BRIEF:
Could you retype every line below exactly, omitting the images?

RECORD EXTRACTS:

# # # #

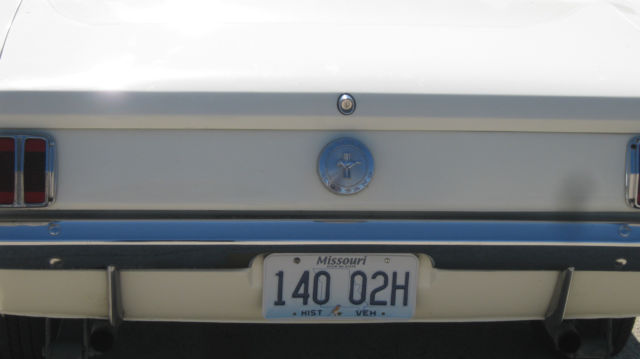 1965 Off-White Ford Mustang Coupe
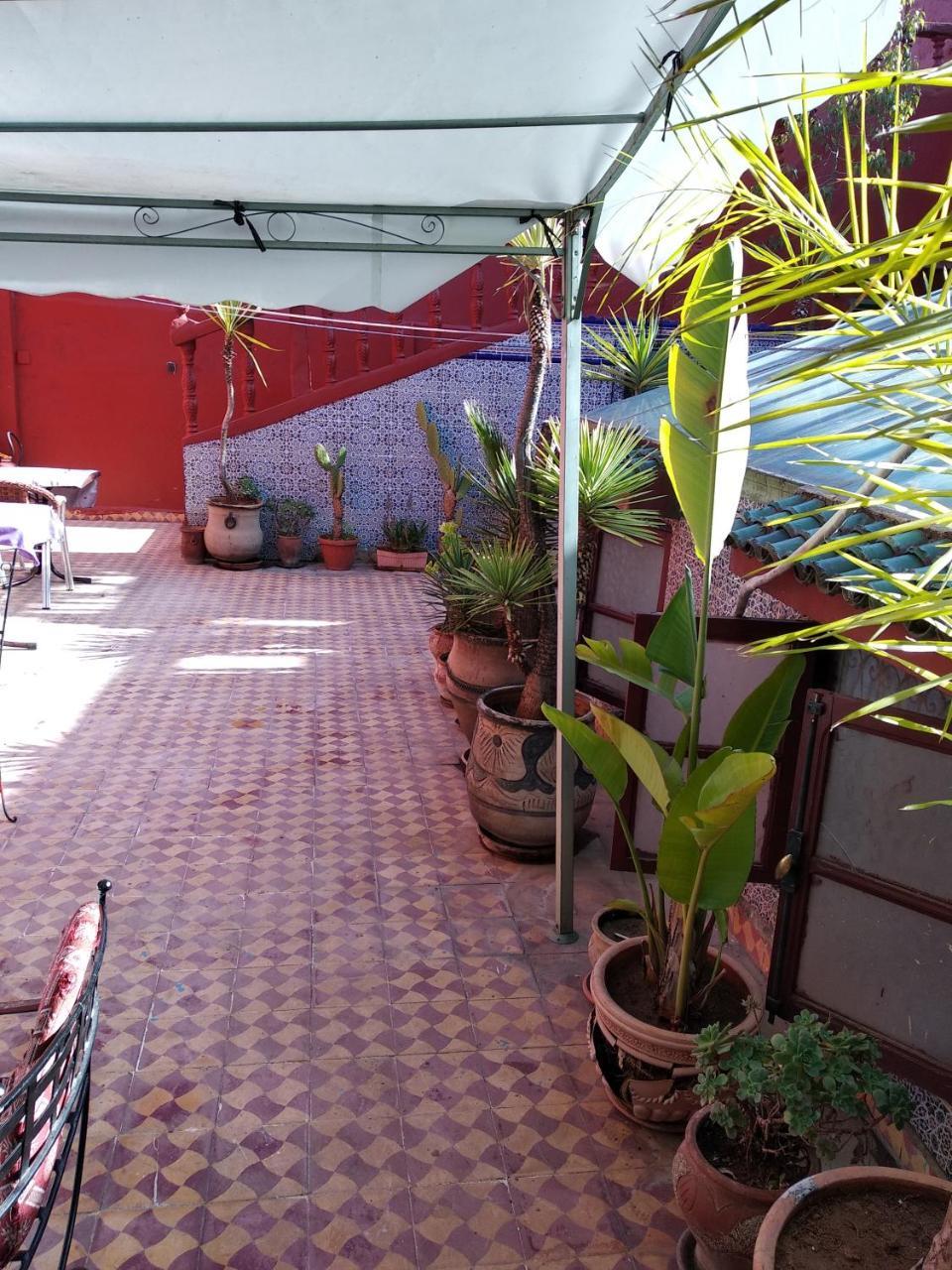 Ryad Bab Berdaine Meknès Buitenkant foto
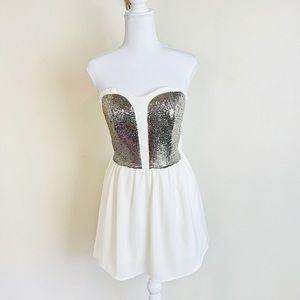 NWT Keepsake Cream Silver Beaded Embellished Sweetheart Strapless Mini Dress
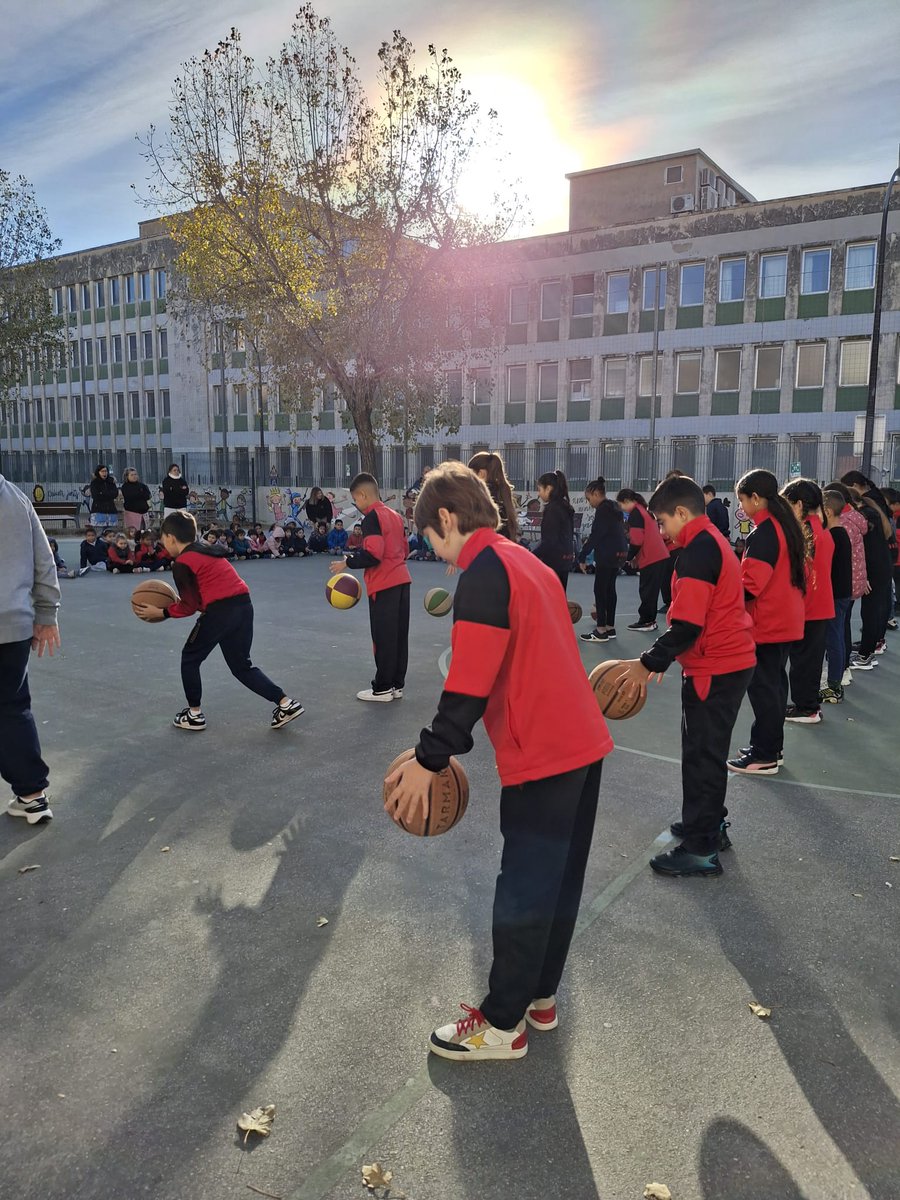 🎶🎉 Avui hem celebrat el dia de Santa Cecília, la nostra gran festa de la música! 🎶🎉A l’escola hem gaudit d’un dia ple de ritme i energia amb actuacions increïbles de body percussion, basquet beat i el tradicional ball de bastons.#ADNprim #transformacióeducativa #Musica #ritme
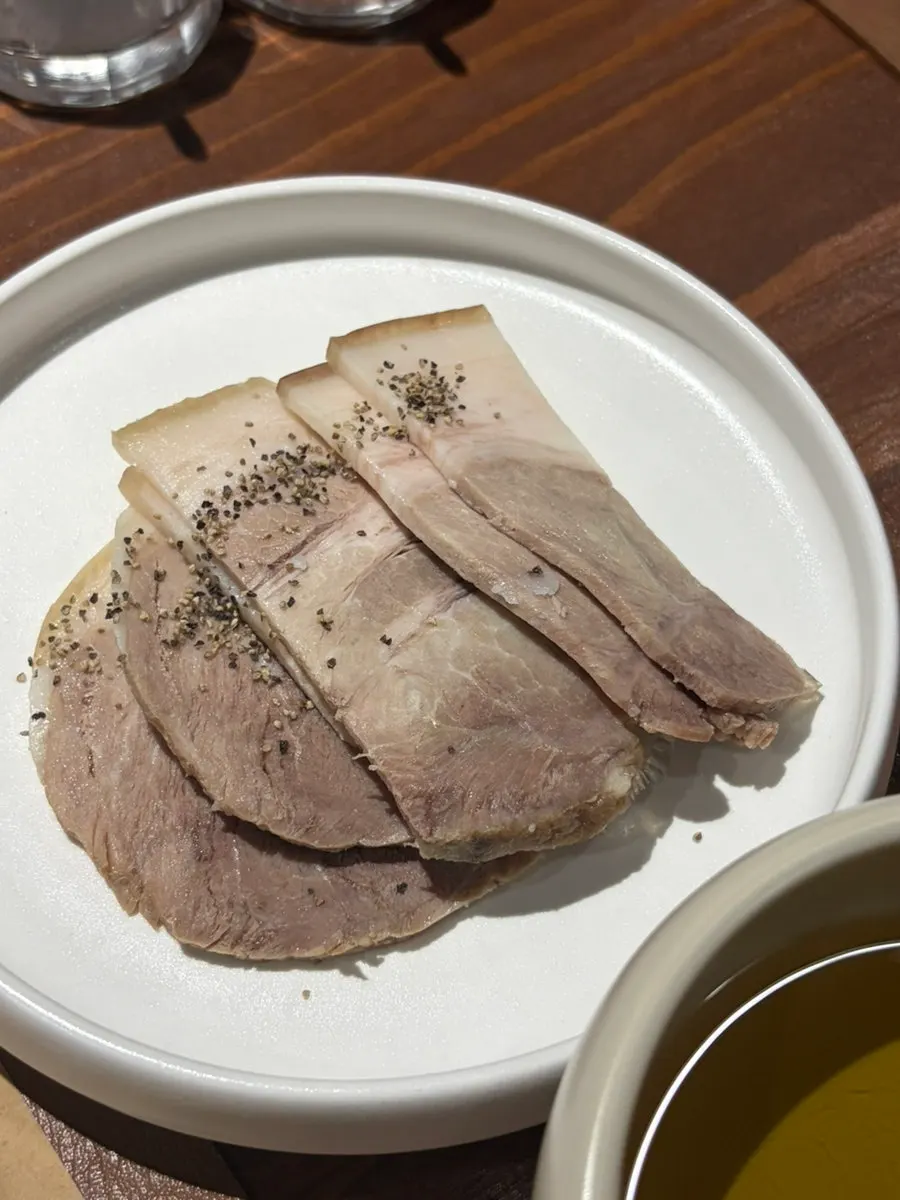 A plate of Wolhadong's cold jeyuk tasting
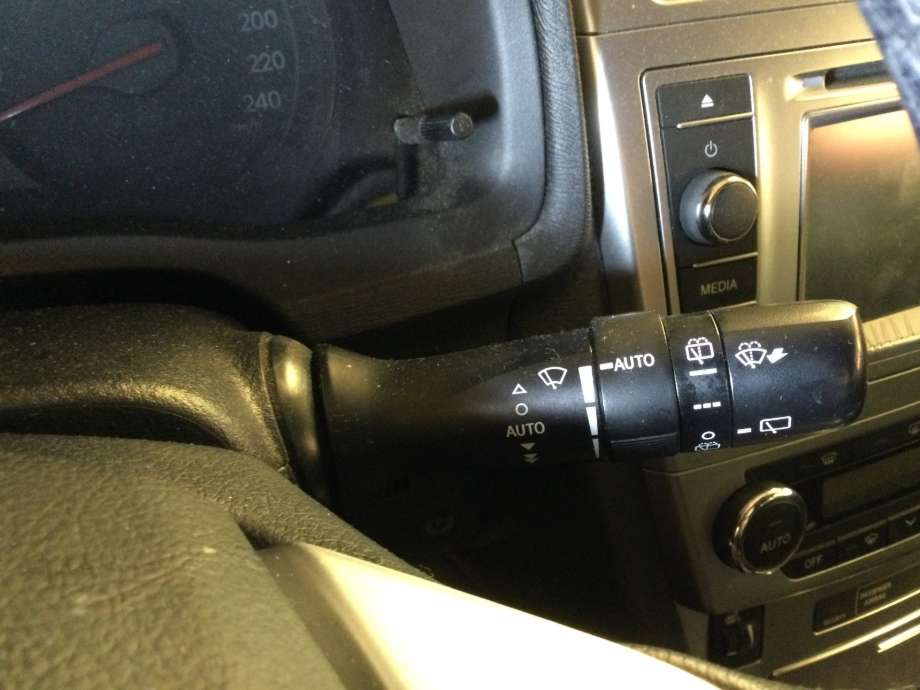 Bryter combi til Toyota Avensis 2009-2015 (Type III, Fase 1)  (TOYOTA|)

# # # #

REPLY TO THE EXERCISE:
 1965 Off-White Ford Mustang Coupe
 Ryad Bab Berdaine Meknès Buitenkant foto
 NWT Keepsake Cream Silver Beaded Embellished Sweetheart Strapless Mini Dress
 🎶🎉 Avui hem celebrat el dia de Santa Cecília, la nostra gran festa de la música! 🎶🎉A l’escola hem gaudit d’un dia ple de ritme i energia amb actuacions increïbles de body percussion, basquet beat i el tradicional ball de bastons.#ADNprim #transformacióeducativa #Musica #ritme
 A plate of Wolhadong's cold jeyuk tasting
 Bryter combi til Toyota Avensis 2009-2015 (Type III, Fase 1)  (TOYOTA|)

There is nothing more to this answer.